Suppose file.py on develop contains the following code.

print(“On develop.”)

Now suppose we have have checked out a branch called issue-1 from develop. We have edited file.py on issue-1 to read

print(“On issue-1.”)

and another team member has edited file.py on develop to read

print(“On develop…”)

We are ready to merge back into develop, and we can do this by switching back to develop (git checkout develop) and running the following command.

git merge issue-1

Since the same line was edited on both branches, Git does not know which version to use in the merge, and we see are notified of a merge conflict.

Auto-merging file.py
CONFLICT (content): Merge conflict in file.py
Automatic merge failed; fix conflicts and then commit the result.

The output tells us that the merge conflict occurs in file.py. To resolve the conflict, we open file.py and notice it looks strange.

<<<<<<< HEAD
print(“On develop…”)
=======
print(“On issue-1.”)
>>>>>>> issue-1

We see both versions of the line, separated by ======= . Everything between <<<<<<<< HEAD and ======= is the code on develop, while everything between ======= and >>>>>>> issue-1 is the code on issue-1. We need to decide what we want the line to look like.

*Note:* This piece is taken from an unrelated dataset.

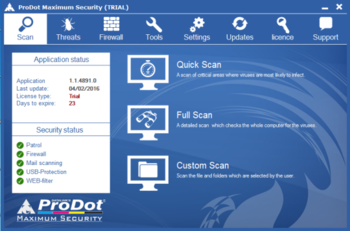 ProDot Maximum Security screenshot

Suppose we decide we want the line to read print(“Resolving merge conflict!”) . Then, we need to delete all of the lines in the file and replace then with that line. Then run git add file.py, git commit -m "Resolving merge conflict." , and git push. You should now be able to refresh GitHub and observe this change reflected in file.py there. At this point, you can delete issue-1 on GitHub by clicking master > View all branches > Trashcan, and on your local machine by running git branch -D issue-1.

Final Thoughts

While there is a lot of additional functionality we could cover, this article offers a good introduction to Git that will help you get started. A final command that you may find helpful is git status , which displays your staging area. It is instructional to run this command before and after you run the command git add file.py . You will notice that before you run git add, file.py is red and marked as “Untracked”, but after, file.py is green and marked a “New file”.